Detect mathematical expressions in worksheets and draw bounding boxes.

Examples

How is it done?

  • Scraped data from Bing for the keyword "math worksheets" using google-images-download.
  • Annotated ~50 worksheets, assigning 0 to non-math expressions and 1 to math expressions. Alias as MathWorksheetsOCR dataset.
  • Using the CRAFT: Character-Region Awareness For Text detection detect general purpose OCR.
  • A trained binary classifier using BERT removes non-mathematical expressions using the annotated data.
  • Non-maximal supression to combine multiple intersecting bounding-boxes together.
  • Plot the bounding boxes over the images.

Data

  • data/train: The MathWorksheetsOCR dataset. List of 50 worksheets hand annotated for the binary classification.
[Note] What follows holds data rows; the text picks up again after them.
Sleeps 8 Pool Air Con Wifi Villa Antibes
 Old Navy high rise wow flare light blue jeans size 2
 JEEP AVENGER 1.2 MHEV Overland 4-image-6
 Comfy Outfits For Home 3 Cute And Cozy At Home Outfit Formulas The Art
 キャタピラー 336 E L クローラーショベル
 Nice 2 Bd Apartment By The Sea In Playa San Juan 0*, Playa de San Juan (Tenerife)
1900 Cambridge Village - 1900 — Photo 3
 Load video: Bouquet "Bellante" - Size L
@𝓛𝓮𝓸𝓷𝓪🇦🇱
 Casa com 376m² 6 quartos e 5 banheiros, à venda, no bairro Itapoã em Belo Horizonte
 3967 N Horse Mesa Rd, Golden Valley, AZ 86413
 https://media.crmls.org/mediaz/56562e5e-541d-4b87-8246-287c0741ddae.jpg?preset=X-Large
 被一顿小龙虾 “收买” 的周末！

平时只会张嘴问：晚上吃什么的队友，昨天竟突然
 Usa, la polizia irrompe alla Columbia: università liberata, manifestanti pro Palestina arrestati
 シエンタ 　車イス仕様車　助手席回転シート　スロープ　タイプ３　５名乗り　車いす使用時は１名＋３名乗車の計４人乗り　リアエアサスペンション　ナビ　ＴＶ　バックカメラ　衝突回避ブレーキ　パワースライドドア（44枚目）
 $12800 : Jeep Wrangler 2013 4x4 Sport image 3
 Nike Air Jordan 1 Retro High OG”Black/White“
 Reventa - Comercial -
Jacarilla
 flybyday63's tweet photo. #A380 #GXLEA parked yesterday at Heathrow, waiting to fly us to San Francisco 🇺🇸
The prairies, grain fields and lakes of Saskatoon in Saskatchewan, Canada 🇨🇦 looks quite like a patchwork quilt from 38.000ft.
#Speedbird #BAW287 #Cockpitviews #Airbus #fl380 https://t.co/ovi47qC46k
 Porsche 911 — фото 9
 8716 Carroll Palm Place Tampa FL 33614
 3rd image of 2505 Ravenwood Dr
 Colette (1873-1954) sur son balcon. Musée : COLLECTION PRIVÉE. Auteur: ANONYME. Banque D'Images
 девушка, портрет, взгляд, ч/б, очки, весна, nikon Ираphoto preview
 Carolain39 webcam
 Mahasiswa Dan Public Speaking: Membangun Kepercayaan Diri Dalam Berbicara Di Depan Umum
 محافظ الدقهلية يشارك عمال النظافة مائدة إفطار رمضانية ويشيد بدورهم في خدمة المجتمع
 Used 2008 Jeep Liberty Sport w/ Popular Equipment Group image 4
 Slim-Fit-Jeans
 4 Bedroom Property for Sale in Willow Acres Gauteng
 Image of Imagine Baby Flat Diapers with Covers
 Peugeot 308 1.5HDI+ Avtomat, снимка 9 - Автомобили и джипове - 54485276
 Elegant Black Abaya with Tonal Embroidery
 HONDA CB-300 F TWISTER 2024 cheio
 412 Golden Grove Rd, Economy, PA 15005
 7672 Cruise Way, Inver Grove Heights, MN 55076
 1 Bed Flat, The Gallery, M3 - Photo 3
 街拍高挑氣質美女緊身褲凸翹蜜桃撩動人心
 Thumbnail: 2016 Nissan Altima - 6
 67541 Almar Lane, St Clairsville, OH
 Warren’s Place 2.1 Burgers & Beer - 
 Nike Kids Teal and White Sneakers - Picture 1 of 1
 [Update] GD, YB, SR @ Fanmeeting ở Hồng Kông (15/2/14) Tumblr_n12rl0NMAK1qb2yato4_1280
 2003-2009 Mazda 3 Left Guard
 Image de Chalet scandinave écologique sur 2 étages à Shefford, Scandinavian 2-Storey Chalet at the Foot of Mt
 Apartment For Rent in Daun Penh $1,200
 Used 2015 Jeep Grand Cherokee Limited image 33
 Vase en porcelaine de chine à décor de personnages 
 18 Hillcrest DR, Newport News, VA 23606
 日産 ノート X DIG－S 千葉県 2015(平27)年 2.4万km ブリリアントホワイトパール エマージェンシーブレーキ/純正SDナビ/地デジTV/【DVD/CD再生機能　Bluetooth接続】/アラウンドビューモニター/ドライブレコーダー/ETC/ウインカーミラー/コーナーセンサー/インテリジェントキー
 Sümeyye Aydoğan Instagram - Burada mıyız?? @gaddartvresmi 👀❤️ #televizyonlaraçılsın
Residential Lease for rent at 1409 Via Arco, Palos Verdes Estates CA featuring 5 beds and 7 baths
Total number of expresisons 2332. Where Math expression are 1859 and non-math expressions are 473. The dataset is skewed with 80% math experssions becuase math worksheets have mostly math expressions.
  • image-dataset/bing-scrap-dataset: 100 worksheets scraped from Bing.
  • image-dataset/worksheets: Used these 10 exmaples for our development set.
  • image-dataset/handwritten: Handwritten sheets provided.

Code

  • boundingbox.py: Takes in image folder. Computes bounding box. Plots them.
  • train_classifier.py: Takes in the annotated data exmaples. Trains a binary classifier on top of BERT.
  • classifier.py: Loads up trained BERT classifier. Runs inference.
  • data.py: Custom PyTorch Dataset class for Math Expressions.
  • non_maximal_supression.py: Performs non maximal supression. Credit

How was MathWorksheetsOCR created?

  • Scraped 50 worksheets from Bing.
  • Used the easyOCR to recognize text from each worksheet.
  • Hand annonated the recognized text as either 0 or 1.
  • The final dataset size is,

How was BERT classifer trained?

How does the final detection work?

  • Every image is passed through easyOCR to get both bounding boxes and the text for each box.
  • All the non-math expressions text is removed using the trained BERT classifier.
  • Non-maximal supression is applied to all the bounding boxes to combine intersecting windows.
  • Plot the final boxes and save them in bb folder.
  • Voila!

What did I observe?

  • The results for 3 different datasets can be viewed at image-dataset/bing-scrap-dataset/bb, image-dataset/handwritten/bb, image-dataset/worksheets/bb.
  • The detection is working well even for difficut exmaples, where the expressions are parted into two lines because of non-maximal supression.
  • All the non-math text, instructions like "Solving Quadratic Equations", and question numbers like "2b.", "3)", any other irrelevant text at the end of the worksheet are removed.
  • The precision without the BERT classifier was low, becuase a number of non-math noise was included in the predictions. After using the BERT classifier, the preciiosn increased.
  • I observed all these using qualative analysis. For quantative analysis, like computing precision/recall using IOU, ground truth bounding box for the data is required.

What didn't work?

  • I tried using ScanSSD pre-trained on datasetname. However, the results were not accurate. I believe this is because ScanSSD is trained on Math latex expressions, whereas we wanted it to perform on Math worksheets. Thereby the decision to create annotated examples.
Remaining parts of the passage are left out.